I've been enjoying the back and forth on the BEST thread about the way the publicity for the team's papers was handled, with some people concerned about the team going to the press before peer review had taken place.
Circulating drafts of a paper seems unobjectionable to me - this is surely an everyday occurrence in the academy. Going to the press before those drafts have been examined seems somewhat more questionable. That said, given my own views on peer review - namely that it's not worth a whole lot - then some interesting questions are raised.
If we have a world in which peer review is required, then is one of the roles of the process to tell the press that it's OK to talk about a paper? I would say that it is, in which case I think there is a problem with the publicity drive.

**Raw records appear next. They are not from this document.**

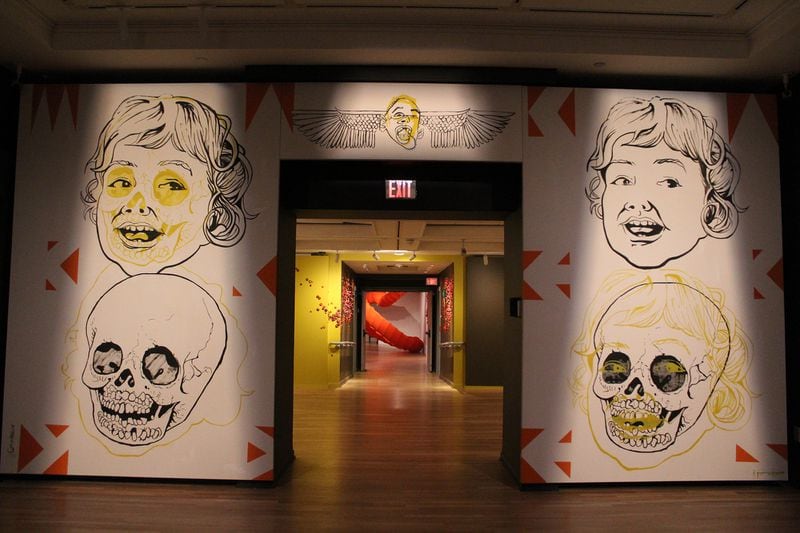 "Macabre by Design" by Egyptian artist Ganzeer (foreground) with work by Atlanta artist Amie Esslinger "Before the Hit" in the background.
Courtesy of the artists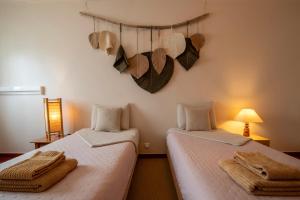two beds sitting next to each other in a room at BE LOST - Guest House in Pedra Do Ouro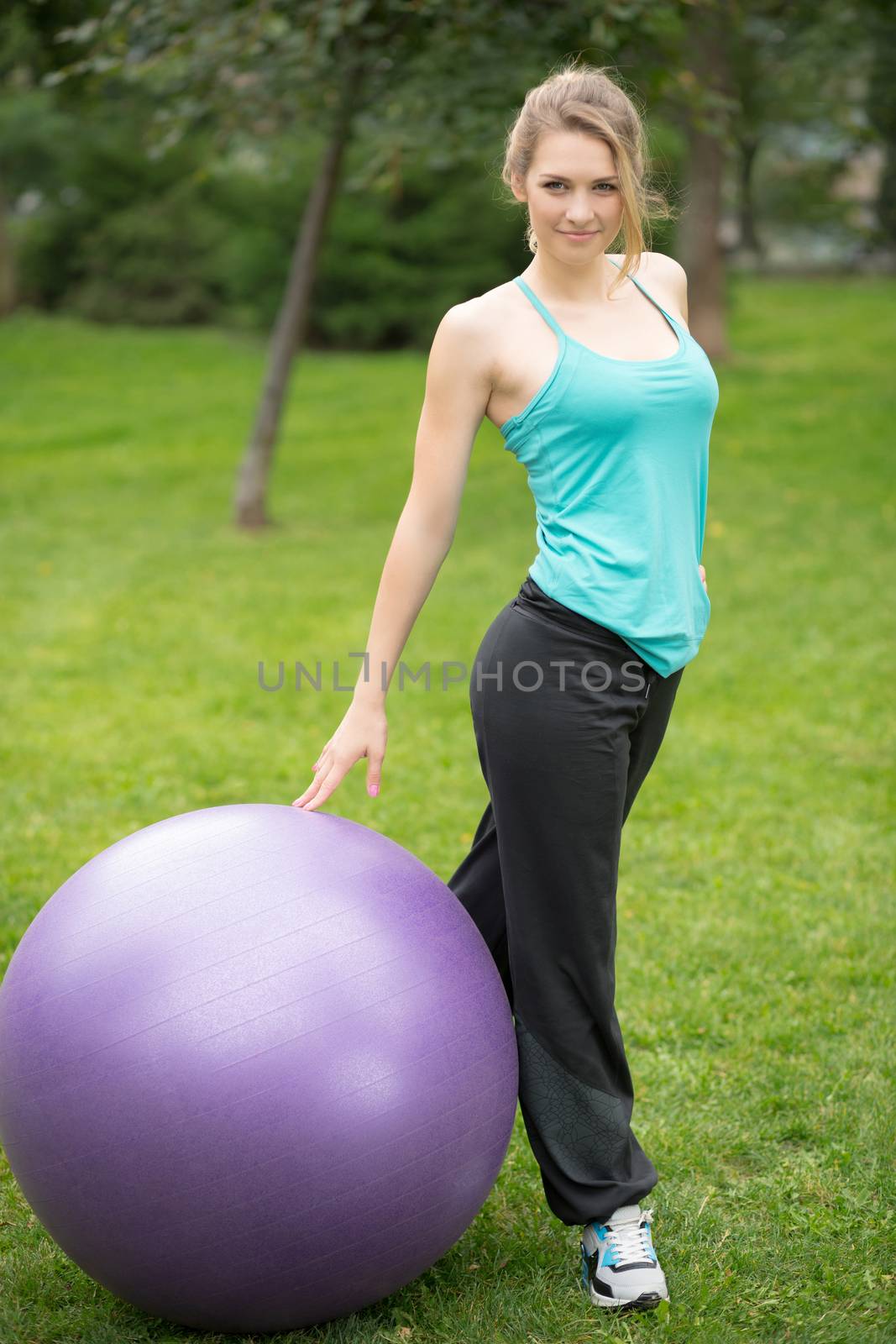 Young happy woman with fitness ball, outdoor. Green grass background 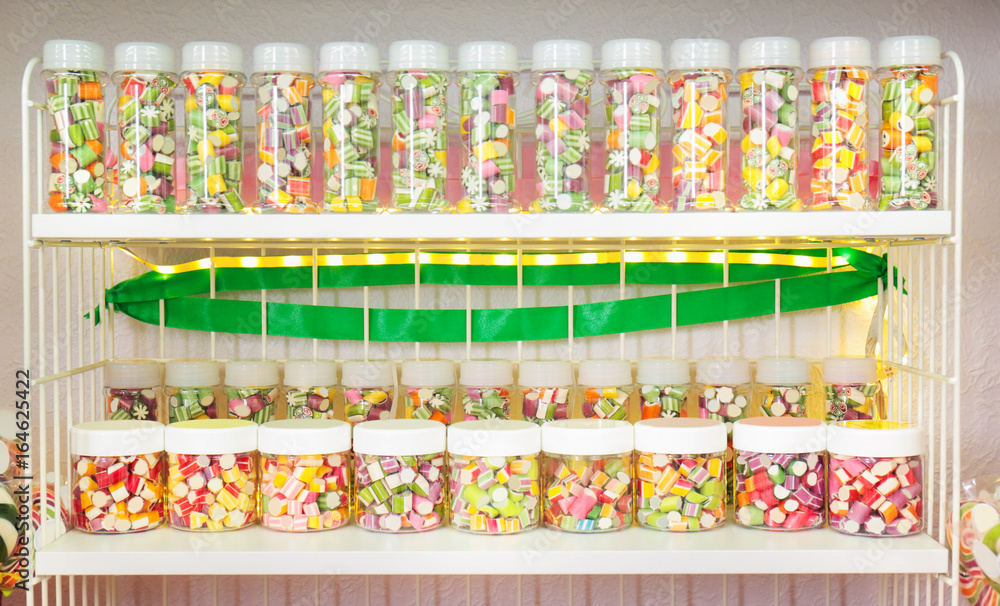 Different sweets in jars at candy shop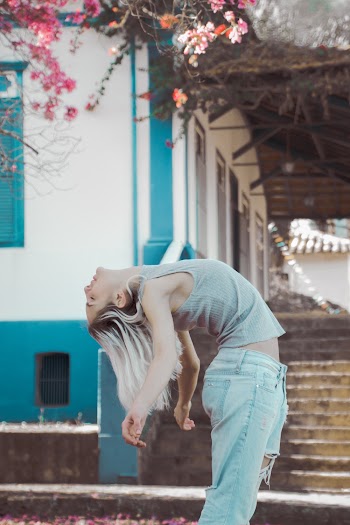 Woman Bending Beside House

But how would things work in a world without peer review? - an open-source world in which papers might simply appear on scholars' websites for anyone interested to review and comment on? How do the press know that it is OK to discuss the paper, bearing in mind that what they write about the paper is likely to be taken as gospel by policymakers?

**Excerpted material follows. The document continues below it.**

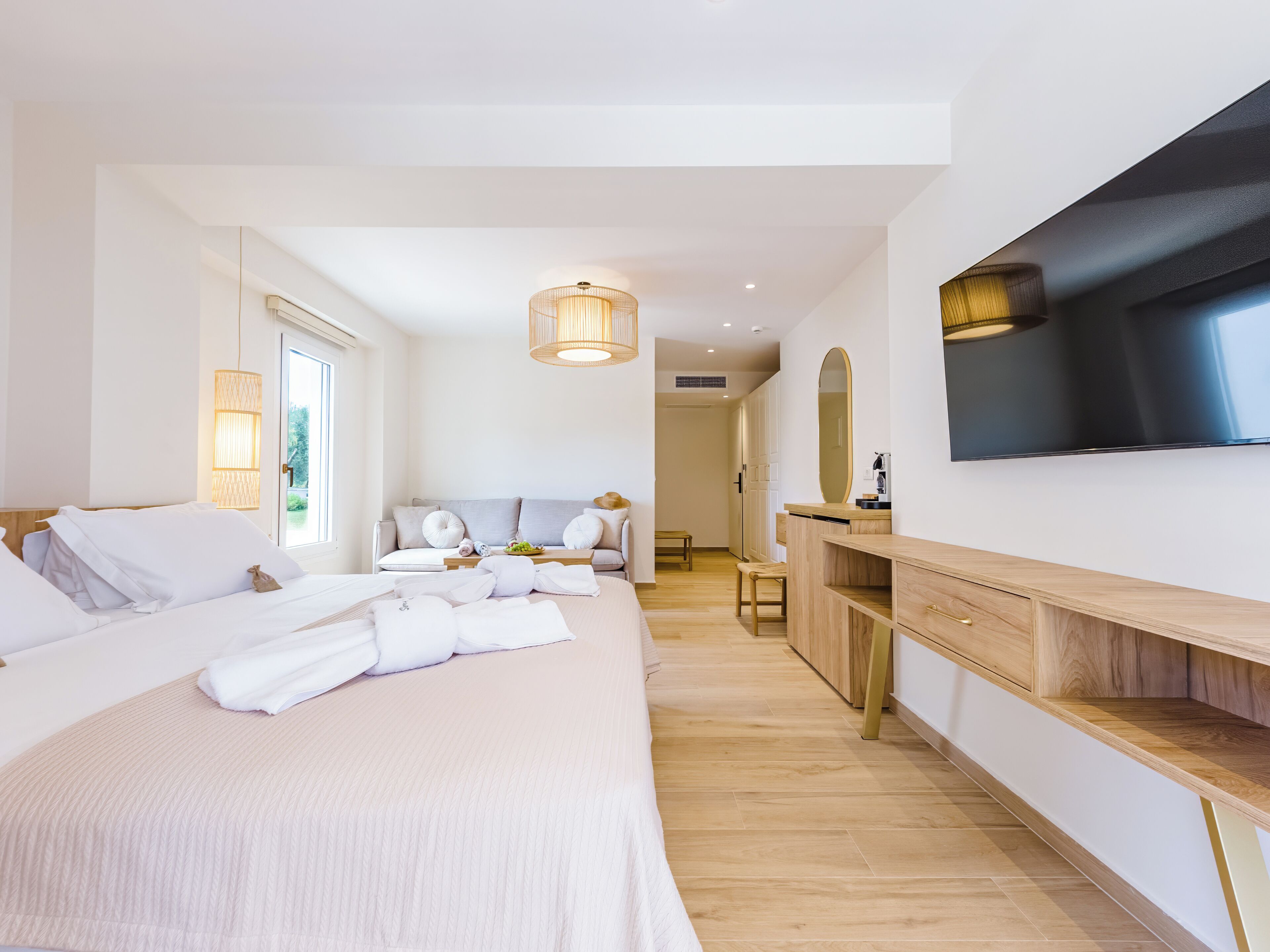 Une chambre d’hôtel moderne dotée d’un grand lit, d’un bureau, d’une télévision et offrant une vue sur l’extérieur.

I imagine one possible measure might be the number of citations - the press would have to adopt a self-denying ordinance that would prevent them from discussing papers with fewer than five or ten citations. Then again, would it actually matter if they discussed papers that were shown to be nonsense days later? This happens, even with peer review in place. Would the press have to become more cautious about "extraordinary claims"? In my view that would not be a bad thing at all.